We next tested for the functional redundancy between dSfmbt and Scm in the repression of these target genes. To this end, we removed dSfmbt function in animals that lack wild-type Scm protein and instead express the MBT-mutant protein ScmD215N. Specifically, we induced clones of dSfmbt null-mutant cells in ScmD215N mutant Drosophila larvae and analyzed the clones of dSfmbt ScmD215N double-mutant cells for mis-expression of PcG target genes. In the wing imaginal disc, cell clones lacking dSfmbt show widespread mis-expression of the PcG target gene Ubx (Klymenko et al, 2006), but they do not show mis-expression of Abd-B (Figure 6). Similarly, Abd-B is not mis-expressed in wing imaginal discs of ScmD215N-mutant animals (Figure 6). In striking contrast, Abd-B is strongly mis-expressed in clones of dSfmbt ScmD215N double-mutant cells (Figure 6). A similar strong synergy between these two Polycomb repressor proteins is observed at the en gene. In imaginal discs with dSfmbt single-mutant clones, en is only mis-expressed in a subset of clones in specific regions of the disc but remains repressed in other parts of the disc, and en is not mis-expressed in ScmD215N single mutants. In contrast, en is strongly mis-expressed in clones of dSfmbt ScmD215N double-mutant cells (Figure 6). In addition, dSfmbt ScmD215N double-mutant cell clones show a tumour-like phenotype that is characterized by unrestricted cell proliferation (Figure 6). This phenotype is not observed in either of the single mutants (Figure 6) but is characteristic of cell clones lacking the PRC1 components Psc–Su(z)2 or Ph (Oktaba et al, 2008).

Figure 6
dSfmbt and Scm interact functionally to maintain Polycomb repression. dSfmbt and Scm act redundantly to maintain repression of Polycomb target genes Abd-B and en in Drosophila. Wing imaginal discs stained with antibodies against Abd-B (red, top) or En ...

To test whether this strong genetic interaction between dSfmbt and Scm was specific, we used the same strategy to remove the function of the PcG gene calypso (Gaytán de Ayala Alonso et al, 2007) in ScmD215N-mutant Drosophila larvae. Like in the case of dSfmbt, clones of calypso single-mutant cells in the wing imaginal disc show mis-expression of Ubx (Gaytán de Ayala Alonso et al, 2007) but maintain repression of Abd-B and en (Figure 6). In clones of calypso ScmD215N double-mutant cells, en remains fully repressed, and the clones do not show the tumour-like phenotype observed in dSfmbt ScmD215N double-mutant clones (Figure 6). Abd-B becomes mis-expressed in a fraction of calypso-ScmD215N clone cells but mis-expression is much less extensive than in dSfmbt ScmD215N double-mutant clones (Figure 6). Removal of dSfmbt function in ScmD215N-mutant animals therefore results in a much more severe Polycomb phenotypes compared with when calypso is removed in this genetic background. Taken together, these results suggest a particularly strong synergy between the PhoRC-component dSfmbt and the PRC1-component Scm in the repression of target genes and the control of cell proliferation.

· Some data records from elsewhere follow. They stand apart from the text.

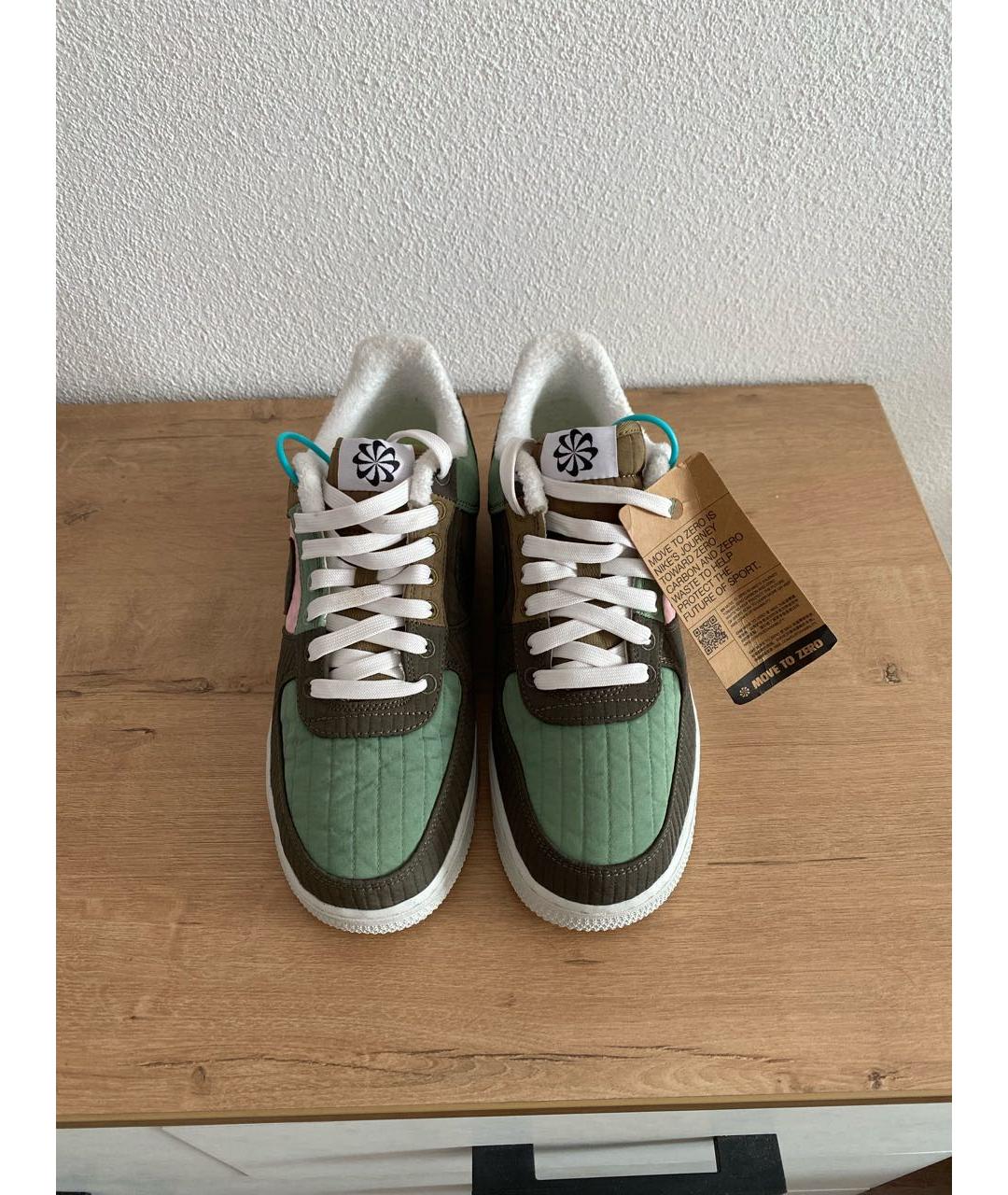NIKE Зеленые текстильные низкие кроссовки / кеды, фото 2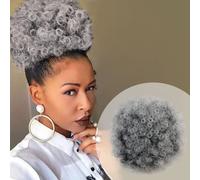 GLAM21USA Parrucca Afro Puff con Coulisse, Stile Retr , Ricci e Crespi, con Clip, Chignon, Extension per Capelli Sintetici da Donna Nera (LARGE S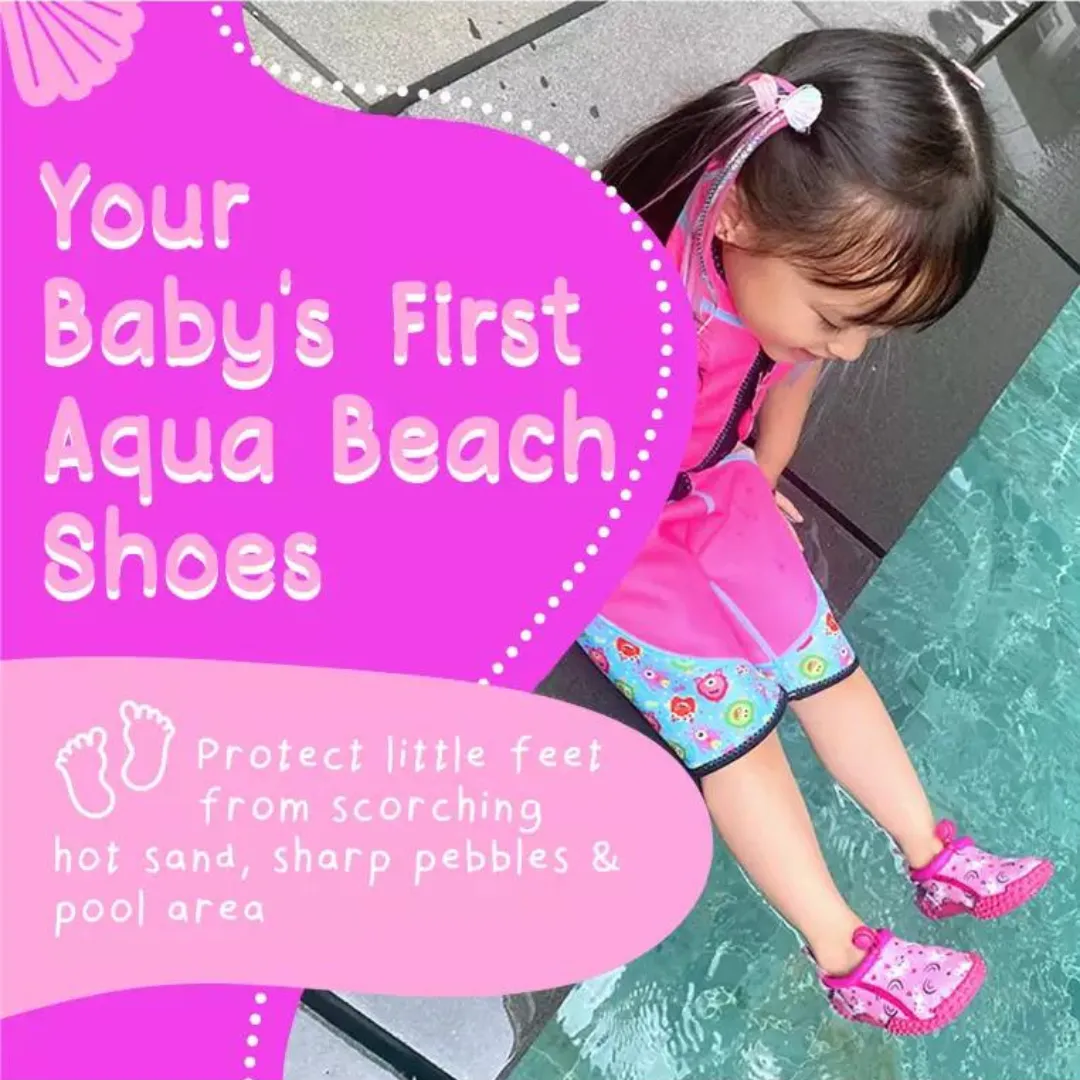 Cheekaaboo Toddler's Aqua Beach Shoes - Pink Unicorn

Direct interaction between dSfmbt and Scm proteins

The strong genetic interaction between dSfmbt and Scm prompted us to test whether these two proteins might also physically interact with each other. To this end, we co-expressed Scm and dSfmbt in Sf9 cells using baculovirus and tested whether they form a stable complex, which can be purified from Sf9 cell extracts. As controls, we co-expressed Scm along with the PhoRC-component Pho or with Ph, the PRC1 component that had been reported to interact with Scm (Peterson et al, 1997, 2004). Flag-affinity purification from extracts of Sf9 cells that co-express Flag–Scm and untagged dSfmbt resulted in the isolation of a stable Scm–dSfmbt complex (Figure 7A). Ph also interacted weakly with Scm under the same assay condition but Pho did not form any complex with Scm (Figure 7A).

Figure 7
Reconstitution of Scm–dSfmbt complexes. (A) FLAG-tagged Scm and untagged dSfmbt, Ph or Pho proteins were affinity purified by FLAG-tag, separated by SDS–PAGE and visualized by Coomassie staining (top). Western blot of corresponding Sf9 ...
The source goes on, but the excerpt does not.